The United States is already the world's third largest producer of oil. We produce as much as Iran, Iraq, and Venezuela put together. And we use as much as China, India, Germany, Japan and Russia put together. So, I don't see the environmentalists crippling us -too- much. Of course, a lot of the unproven reserves will have startup costs of over $90/bbl for a decade or two, and the industry has gotten burned by OPEC opening the pipes in the past. And, when a deepwater well has an error cost of $40 billion, plus unknowable economic damage to the regions tourism and fishery industries... Another inch and a half of preventative measures might have made BP a much happier country.

We're up to our noses in the Middle East because we were too dumb to learn our lesson in '73 when OPEC demonstrated it's power and in '79 when the Iranians revolted. Until we make a full stop effort to stop using gasoline, we are going to be beholden to them.


----------



## Sukerkin (Mar 29, 2011)

There are less severe ways to encourage change in a country, with which you do business, than invading them.

I was thinking much more along the lines of reporting more incisvely and more broadly on the conditions within Saudi Arabia.  Now, aye, diplomatic observations have to be backed up by the strength to execute them and that is likely the only way to get that iron-bound society to evolve.  

But the first steps can be achieved with words - altering the global cimate of opinion can mean more than you might think when you're a big-wig sitting on a pile of oil dollars.  

True, they have, to coin a phrase, gotten the West, particularly America, over a barrel when it comes to oil.  But there are other sources to draw on and even alternate life-styles to be considered that does not involve setting fire to one of the most useful materials on the planet.


----------



## Bill Mattocks (Mar 29, 2011)

Sukerkin said:


> There are less severe ways to encourage change in a country, with which you do business, than invading them.
> 
> I was thinking much more along the lines of reporting more incisvely and more broadly on the conditions within Saudi Arabia.  Now, aye, diplomatic observations have to be backed up by the strength to execute them and that is likely the only way to get that iron-bound society to evolve.
> 
> ...



I suspect that this is done at many levels in US and probably UK government diplomacy.  Just because it is not discussed openly does not mean it is not done.  Might even be found in the Wikileaks cables; but perhaps not widely reported because it does not contribute to the overall level of hatred of the USA so enjoyed elsewhere.


----------



## granfire (Mar 29, 2011)

you guys are delusional if you think that the people with pull (usually still men) don't admire, deep down in the most private thoughts how them thar Ay-rabs managed to keep them dames in their place.


----------



## Big Don (Mar 29, 2011)

granfire said:


> you guys are delusional if you think that the people with pull (usually still men) don't admire, deep down in the most private thoughts how them thar Ay-rabs managed to keep them dames in their place.

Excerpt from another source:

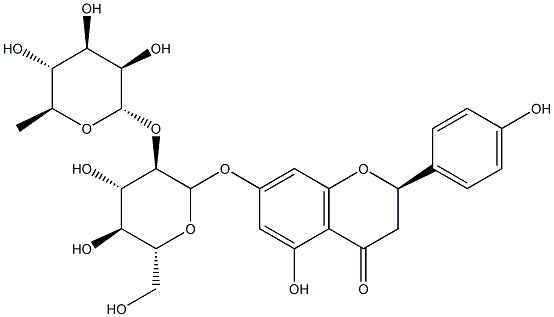 (2R)-7-[(2S,3R,4S,5S,6R)-4,5-dihydroxy-6-(hydroxymethyl)-3-[(2S,3R,4R,5R,6S)-3,4,5-trihydroxy-6-methyloxan-2-yl]oxyoxan-2-yl]oxy-5-hydroxy-2-(4-hydroxyphenyl)-2,3-dihydrochromen-4-one Struktur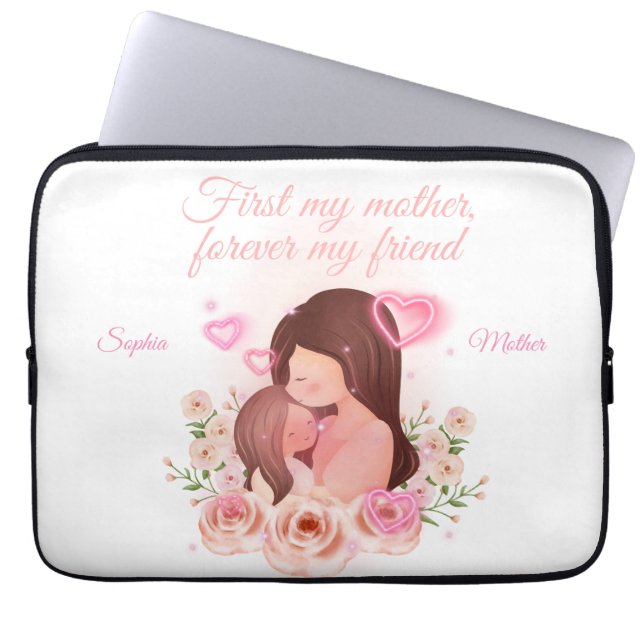 Capa Para Notebook Mãe e Filha, Nomes Personalizados (Frente)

That is the single most bigoted statement I've seen on here in a while. But, bigotry against men is OK...


----------



## granfire (Mar 29, 2011)

Big Don said:


> That is the single most bigoted statement I've seen on here in a while. But, bigotry against men is OK...



Nah, it's pretty true. 
However, if you feel offended, maybe there is a reason. 
Hatret against women is pretty rampant. Naturally not everybody has it. Not everybody does disagree with women becoming powerful.

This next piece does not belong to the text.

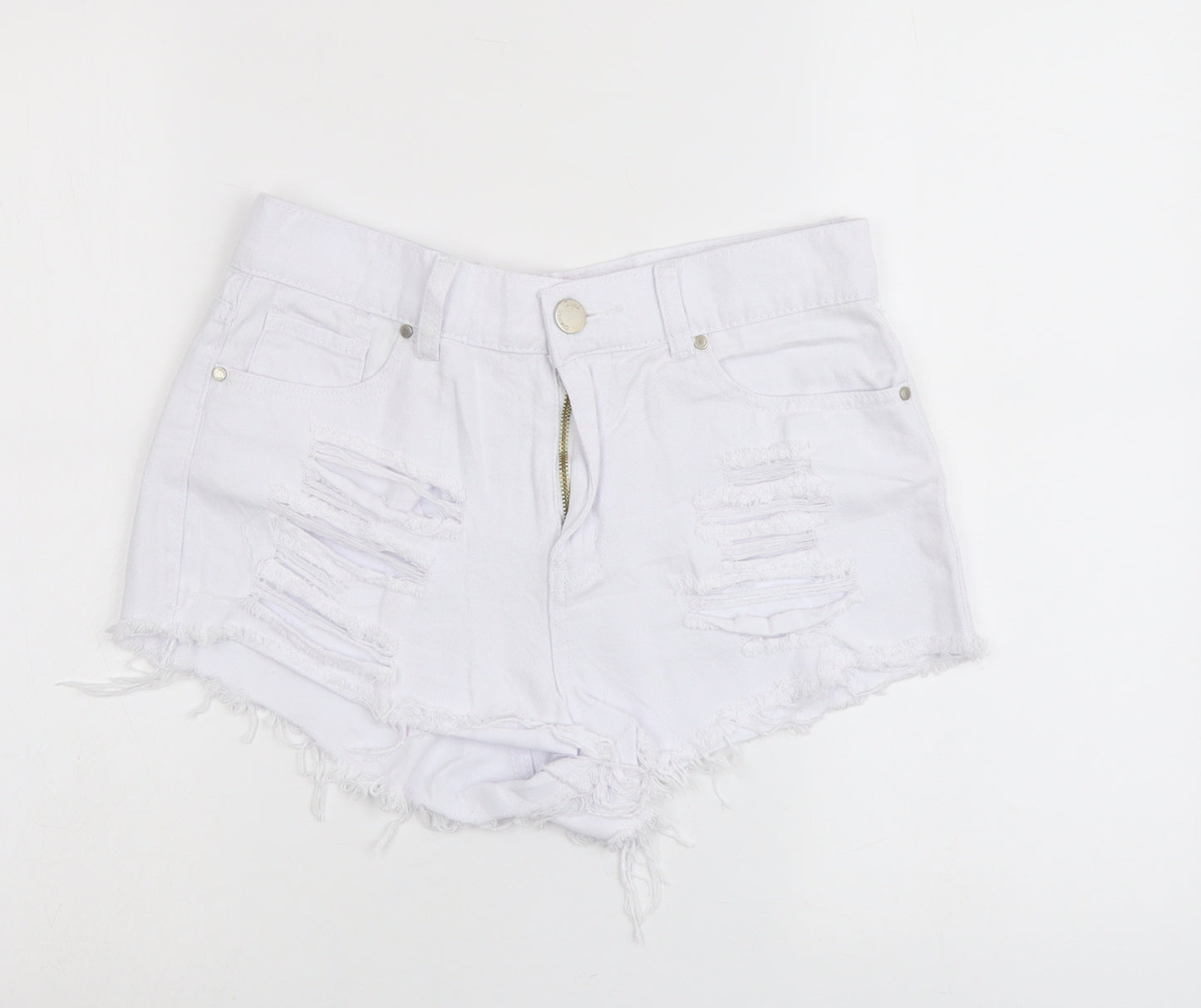 Denim Club Womens White Cotton Cut-Off Shorts Size 12 L3 in Regular Button - Distressed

But just examine general atributes given to men vs women when their actions are the same.

men yell, women screech
men are assertive, women bitchy. 

The west has made a conscious effort to change public policy. but a lot of guys still like their women as submissive pets rather than partners. 

Our cultural background is somewhat different from the Saudi one, but deep down a lot of guys have that admiration for that Sheik with a big harem...the structure of Saudi society and the ripple effects it has on the Islamic world just gives men an excuse to not control their impulses and behave badly. 

However, our social structure - I am speaking of Euro/American, judeo-christian influenced, has been based on patriachial structures since antiquity. As cultured as the Greek were, they too regarded their women as chattel...the Romans brought it north, and with the spread of Christianity the Germanic/Celtic societies got corrupted and the female relegated to people second class where as they had been equal partners before.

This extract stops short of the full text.